**WORK TO COMPLETE**
Copy the data exactly; pictures stay out of the copy.

**DATA SHOWN**
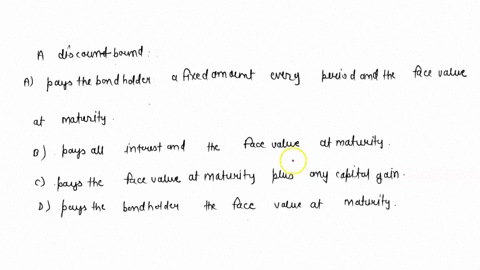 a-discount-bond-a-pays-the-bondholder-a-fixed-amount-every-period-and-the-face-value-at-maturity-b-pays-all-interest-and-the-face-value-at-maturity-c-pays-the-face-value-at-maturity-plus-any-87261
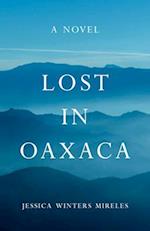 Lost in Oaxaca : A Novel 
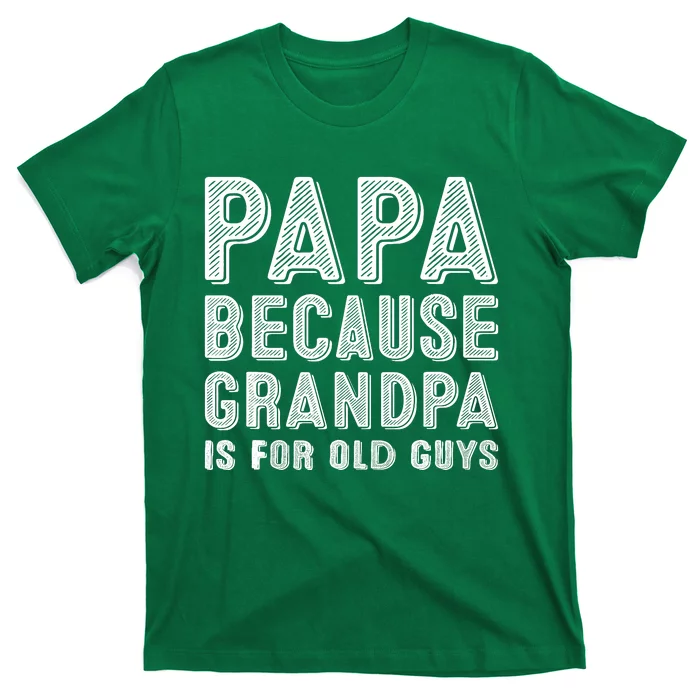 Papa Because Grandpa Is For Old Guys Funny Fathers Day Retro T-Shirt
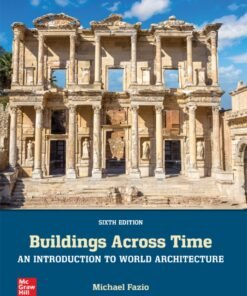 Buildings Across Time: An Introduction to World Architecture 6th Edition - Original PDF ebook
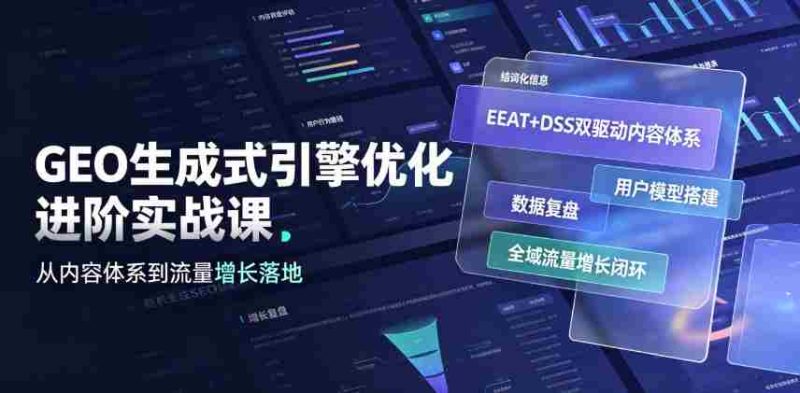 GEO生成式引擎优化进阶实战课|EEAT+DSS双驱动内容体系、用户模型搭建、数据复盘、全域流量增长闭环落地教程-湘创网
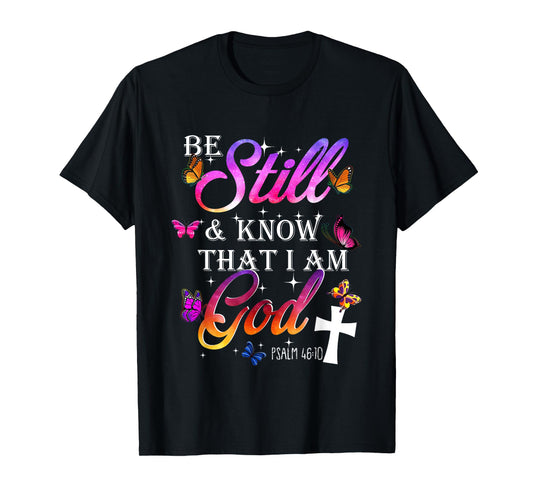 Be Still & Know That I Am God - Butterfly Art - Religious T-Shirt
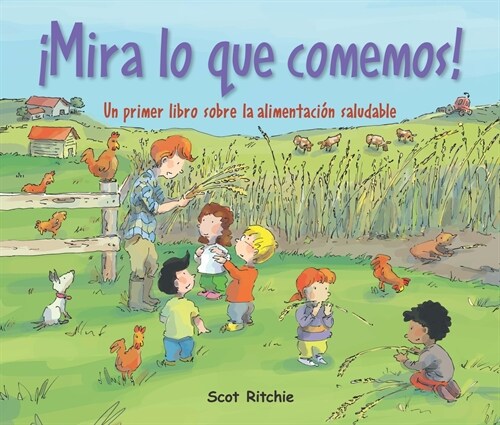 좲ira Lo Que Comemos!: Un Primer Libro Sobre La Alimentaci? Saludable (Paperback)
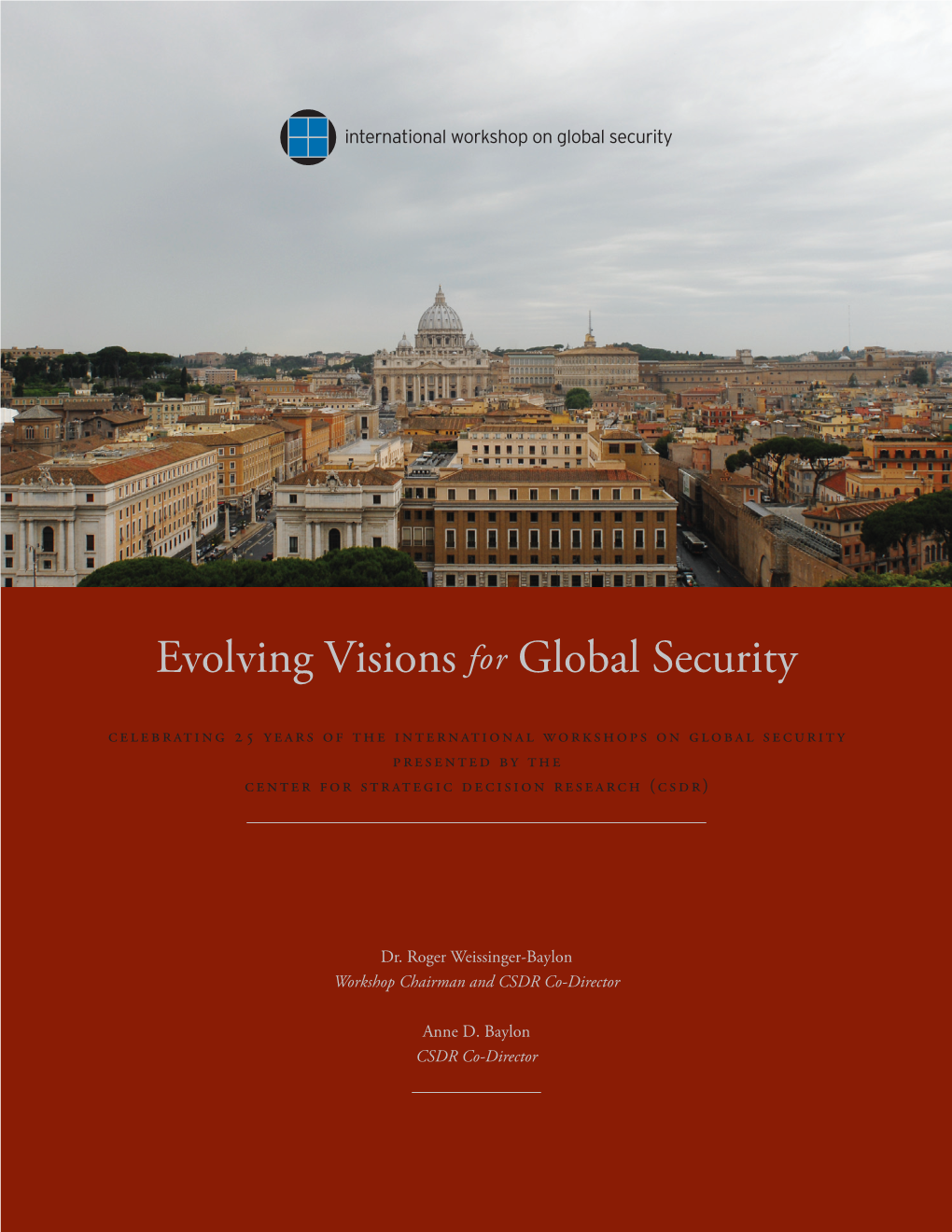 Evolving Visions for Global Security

**EXPECTED OUTPUT**
 a-discount-bond-a-pays-the-bondholder-a-fixed-amount-every-period-and-the-face-value-at-maturity-b-pays-all-interest-and-the-face-value-at-maturity-c-pays-the-face-value-at-maturity-plus-any-87261
 Lost in Oaxaca : A Novel 
 Papa Because Grandpa Is For Old Guys Funny Fathers Day Retro T-Shirt
 Buildings Across Time: An Introduction to World Architecture 6th Edition - Original PDF ebook
 GEO生成式引擎优化进阶实战课|EEAT+DSS双驱动内容体系、用户模型搭建、数据复盘、全域流量增长闭环落地教程-湘创网
 Be Still & Know That I Am God - Butterfly Art - Religious T-Shirt
 좲ira Lo Que Comemos!: Un Primer Libro Sobre La Alimentaci? Saludable (Paperback)
 Evolving Visions for Global Security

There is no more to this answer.